Okay, call me slow or late to the game, but I am just now focusing on learning these most basic of ornaments: cuts, taps and rolls.
Bleah!
Okay, cuts I seem to be able to finger, but the taps and rolls are certainly going to take more work.
Addendum: It seems I have been unintentionally doing these things one some of the tunes I have learned.
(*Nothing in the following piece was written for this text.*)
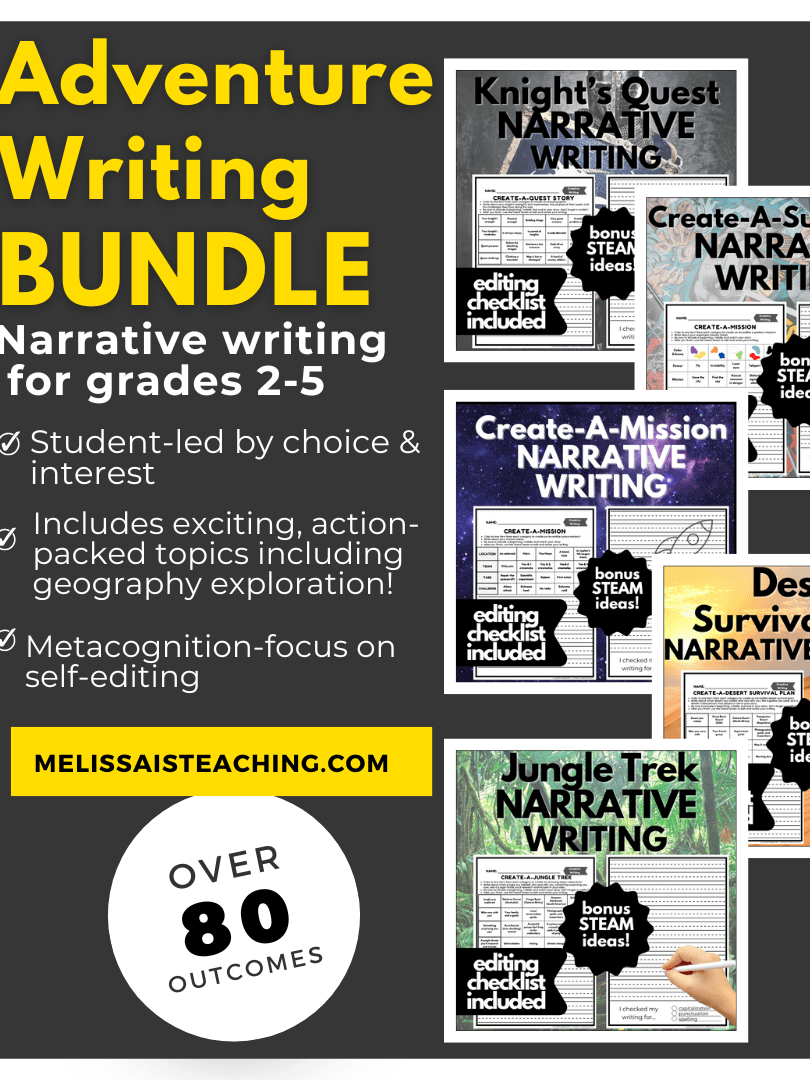 Survival, Geography & Adventure BUNDLE | Narrative Writing BUNDLE + Editing Checklist BONUS STEAM Ideas product image (1)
I just didn’t know what it was I was specifically doing!
Seems that the main problem many people new to Irish finger articulation (I don’t consider them “ornaments”) is getting the cuts and pats fast enough.
Take a “long roll on G”. If played G(Acut)G(F#pat)G, and if the A and F# are played too fat, it doesn’t really sound like a roll but more like a classical “turn”. The trick to getting it to sound like a roll is to get the A and F# so short in duration that they don’t take any appreciable time away from the melody notes GGG. It’s why I don’t consider a long roll an “ornament” (something superfluous to the melody which is added for decorative effect) but rather articulations done with the fingers.
So, whether you play GGG seperating them with tonguing or play GGG seperating them with finger action the timing of the notes GGG should sound the same. (Many beginners “crunch” their rolls, turning them into a jumble of notes, rather than keeping the melody notes cleanly seperated.)
So how does someone make their cuts and pats fast enough? With cuts it must come from sheer velocity. If you try to make your cuts shorter in duration by not lifting the finger up very much, you won’t get a clear-sounding cut. The cutting finger must come up high enough off the whistle for the cut to clearly sound.
Pats are a different thing. Watch a good whistle player or uilleann piper: rather than keeping the finger to be patted close to the instrument and simply moving the finger up and down from this “guide position” (which would result in a pat far too sluggish) the finger to be patted is actually raised some distance from the instrument a split-second before the pat, giving it the distance to achieve the required velocity. For a pat to have the right sound the finger must fully seal the hole AND it has to be fast.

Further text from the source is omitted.